Le Ruban Blanc, Michael Haneke

Commençons directement par un aveu: j'appréhendais le noir et blanc du tournage, craignant un manifeste intellectualiste à la Jean-Luc Godard, ou bien que l'austérité du scénario se renforce d'un étouffement de la lumière. Et puis le film a commencé et je n'y ai plus pensé. Les images sont lumineuses pour l'après-midi du bal champêtre, un baiser échangé dans une carriole, ou sombres parfois, bien sûr, mais d'une maîtrise impressionnante. On s'attarde notamment sur les visages, filmés en gros plan fixe, comme pour les mettre à nu, et parfois impitoyablement.

L'intrigue du film est oppressante. L'amour y a si peu de place que son rayonnement subit révèle tout à coup la noirceur, la mesquinerie, la lâcheté là où, une minute auparavant, n'apparaissait que le simple quotidien d'un petit village industrieux.

Petit à petit apparait le réseau des tensions qui enserrent les villageois: la religion, incarnée par le pasteur, le chantage économique par lequel le Baron tient son monde, le manque d'instruction qui réduit au silence le fils du paysan qui voudrait venger sa mère et n'arrive pas à articuler sa colère, tandis que le père ne sait que frapper le fils et retourne finalement sa violence contre lui-même. Des rapports de force fondés sur la loi du mâle et du père où chacun écrase qui il peut.

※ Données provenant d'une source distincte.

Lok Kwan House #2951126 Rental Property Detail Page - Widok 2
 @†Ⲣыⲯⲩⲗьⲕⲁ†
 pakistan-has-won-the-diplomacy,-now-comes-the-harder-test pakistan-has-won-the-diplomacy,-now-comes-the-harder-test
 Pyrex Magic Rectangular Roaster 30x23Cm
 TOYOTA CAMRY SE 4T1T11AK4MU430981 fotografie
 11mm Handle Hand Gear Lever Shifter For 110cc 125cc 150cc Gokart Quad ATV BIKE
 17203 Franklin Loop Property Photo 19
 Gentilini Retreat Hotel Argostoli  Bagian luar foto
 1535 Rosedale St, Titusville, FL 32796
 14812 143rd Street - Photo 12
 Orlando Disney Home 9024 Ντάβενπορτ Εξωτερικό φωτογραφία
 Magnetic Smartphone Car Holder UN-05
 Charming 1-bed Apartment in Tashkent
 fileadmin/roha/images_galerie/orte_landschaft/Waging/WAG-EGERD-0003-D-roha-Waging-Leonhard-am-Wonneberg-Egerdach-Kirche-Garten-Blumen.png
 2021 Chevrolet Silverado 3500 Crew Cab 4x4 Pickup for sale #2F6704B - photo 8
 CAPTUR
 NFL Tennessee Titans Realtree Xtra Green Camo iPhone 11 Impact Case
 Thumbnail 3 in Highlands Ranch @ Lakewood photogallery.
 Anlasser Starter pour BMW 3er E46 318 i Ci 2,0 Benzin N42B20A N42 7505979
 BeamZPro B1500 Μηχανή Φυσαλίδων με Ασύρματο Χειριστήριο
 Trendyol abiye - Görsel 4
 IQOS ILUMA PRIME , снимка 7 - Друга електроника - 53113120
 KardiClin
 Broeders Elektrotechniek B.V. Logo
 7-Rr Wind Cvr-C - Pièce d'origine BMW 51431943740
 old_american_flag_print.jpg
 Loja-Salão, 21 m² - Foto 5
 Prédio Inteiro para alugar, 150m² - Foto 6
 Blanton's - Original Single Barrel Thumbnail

Des bourreaux minables, en somme, qui abusent d'une position de force pour harceler des êtres sans défense, comme leurs enfants ou leurs femmes, mais qui se refusent à élucider les vrais crimes. Il est plus facile d'humilier publiquement sa fille pour un chahut dont elle est d'ailleurs innocente, que de se regarder dans le miroir...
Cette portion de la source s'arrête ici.